In winter 2022, Chau, alongside other local artists, had worked at the Wing Luke Museum teaching students about mural paintings, which resulted in the students creating two mural art installations in the Chinatown-International District neighborhood.

In 2023, Chau was appointed Artist in Residence for the Seattle Public Library. In January of that year, Chau designed the warmup jerseys to celebrate the Year of the Rabbit for the Seattle Kraken match against the Colorado Avalanche. Chau also had an artist residency alongside artist Jae Eun Kim at Flower Flower, an all queer, all trans Asian and Pasifika artist collective, where they conducted interviews with Seattle Chinatown-International District's CID Coalition elders and then created their portraits. Those portraits were later displayed from April 2024 to mid 2025 at the Wing Luke Museum for the exhibition "Hello Auntie, Hello Uncle: Conversations with Our Elders."

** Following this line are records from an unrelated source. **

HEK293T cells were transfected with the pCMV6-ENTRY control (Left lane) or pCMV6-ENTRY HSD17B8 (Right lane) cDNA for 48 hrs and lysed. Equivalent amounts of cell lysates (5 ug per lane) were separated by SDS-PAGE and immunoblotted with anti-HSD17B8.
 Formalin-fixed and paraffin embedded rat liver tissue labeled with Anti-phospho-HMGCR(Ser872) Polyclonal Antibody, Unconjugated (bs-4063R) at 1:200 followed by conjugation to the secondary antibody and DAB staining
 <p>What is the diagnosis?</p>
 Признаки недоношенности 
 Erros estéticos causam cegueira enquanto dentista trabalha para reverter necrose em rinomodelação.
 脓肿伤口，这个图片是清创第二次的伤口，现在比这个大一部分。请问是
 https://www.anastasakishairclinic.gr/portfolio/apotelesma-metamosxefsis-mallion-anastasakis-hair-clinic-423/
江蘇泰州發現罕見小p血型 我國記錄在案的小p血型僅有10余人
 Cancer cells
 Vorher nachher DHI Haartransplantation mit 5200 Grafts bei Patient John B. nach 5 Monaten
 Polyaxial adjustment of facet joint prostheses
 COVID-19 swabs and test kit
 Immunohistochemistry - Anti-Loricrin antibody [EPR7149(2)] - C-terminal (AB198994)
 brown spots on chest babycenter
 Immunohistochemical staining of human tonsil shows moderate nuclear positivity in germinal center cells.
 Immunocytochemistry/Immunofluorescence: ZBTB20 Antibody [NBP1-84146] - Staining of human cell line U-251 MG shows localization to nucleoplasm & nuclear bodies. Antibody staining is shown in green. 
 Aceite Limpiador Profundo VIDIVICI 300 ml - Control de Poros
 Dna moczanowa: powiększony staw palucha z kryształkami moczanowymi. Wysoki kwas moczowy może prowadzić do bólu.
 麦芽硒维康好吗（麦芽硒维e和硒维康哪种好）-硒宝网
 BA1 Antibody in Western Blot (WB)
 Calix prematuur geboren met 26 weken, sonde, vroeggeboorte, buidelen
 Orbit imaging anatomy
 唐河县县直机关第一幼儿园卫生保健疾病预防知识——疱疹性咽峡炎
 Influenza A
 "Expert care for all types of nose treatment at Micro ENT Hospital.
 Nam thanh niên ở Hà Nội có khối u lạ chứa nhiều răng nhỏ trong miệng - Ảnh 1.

In 2024, Chau's mural Of Salt and Altars debuted at the Tacoma Art Museum. Of Salt and Altars was part of the Finding Home: The Chinese American West, curated by Lele Barnett for the [re]Frame multi-part series, which invited curators to color to engage and challenge works in the museum's Haub Family collection. Chau has cited historian Gordon H. Chang's book, Ghosts of Gold Mountain, as being crucial in helped them gain a deeper understanding of Chinese laborers in the United States. In May of that same year, Chau collaborated on a limited edition drinkware collection with Starbucks to honor Asian, Asian American, Native Hawaiian and Pacific Islander Heritage Month.

In 2025, Chau, alongside other local artists and organizations, participated mentoring 10 teen artists for the Seattle Office of Arts & Culture's Fresh Perspectives Program, which was funded by Seattle Public Utilities through the 1% for Art Fund.